周辺の景色からのライティングを表現する環境マップによるIBLや、太陽などをモデル化する平行光源はシーンを構成する光源の一種としてかなり便利です。一方で、無限大を含むその特性は正しい取り扱いに注意を要します。特にNext Event Estimationや双方向パストレーシングなど、光源側からのサンプリングを必要とする場合には間違った実装に至りやすくなります。

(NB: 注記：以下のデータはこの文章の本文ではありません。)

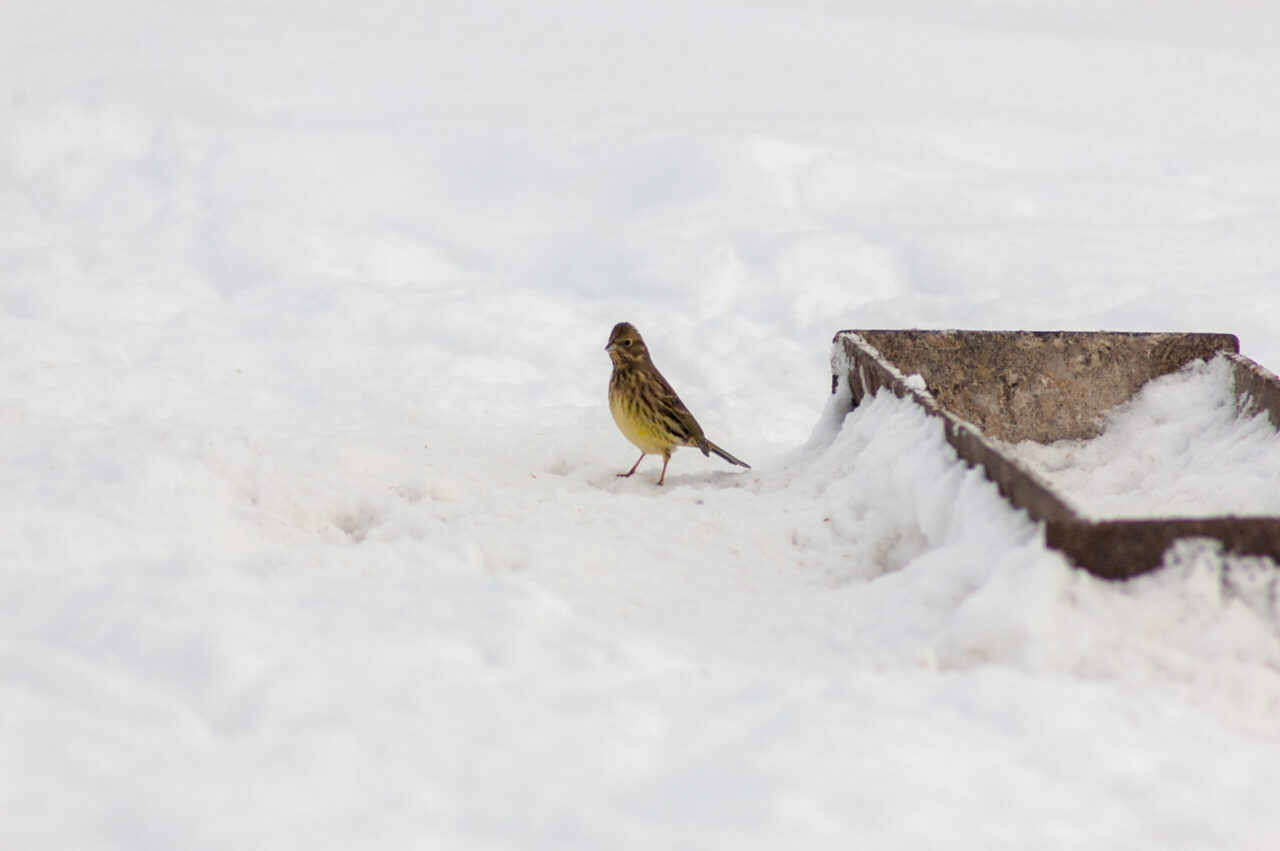 Yellowhammer Spirit Animal Meaning: yellowhammer symbolizing optimism, visibility and expression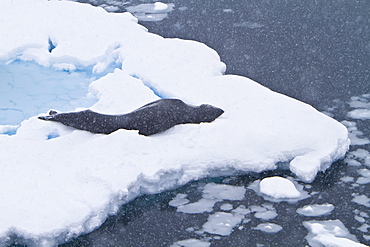 Adult leopard seal (Hydrurga leptonyx) hauled out on ice floe near the Antarctic Peninsula, Southern Ocean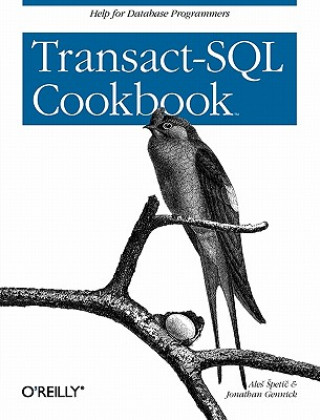 Könyv Transact-SQL Cookbook Ales Spetic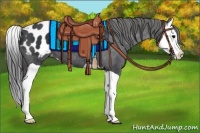 Horse Color:Black Splash Appaloosa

このページではモンテカルロレイトレーシングにおける無限遠光源の正しい扱い方について解説します。

無限遠光源とは

シーンを囲む球状光源に対して相対的に大きなシーン
(a) 相対的に大きなシーン
シーンを囲む球状光源に対して相対的に小さなシーン
(b) 相対的に小さなシーン
図1. シーンを囲む球状光源
(b)のように球状光源に対してシーンが小さい場合は、ライティング点の座標の違いによる受ける光の変化は少なくなる。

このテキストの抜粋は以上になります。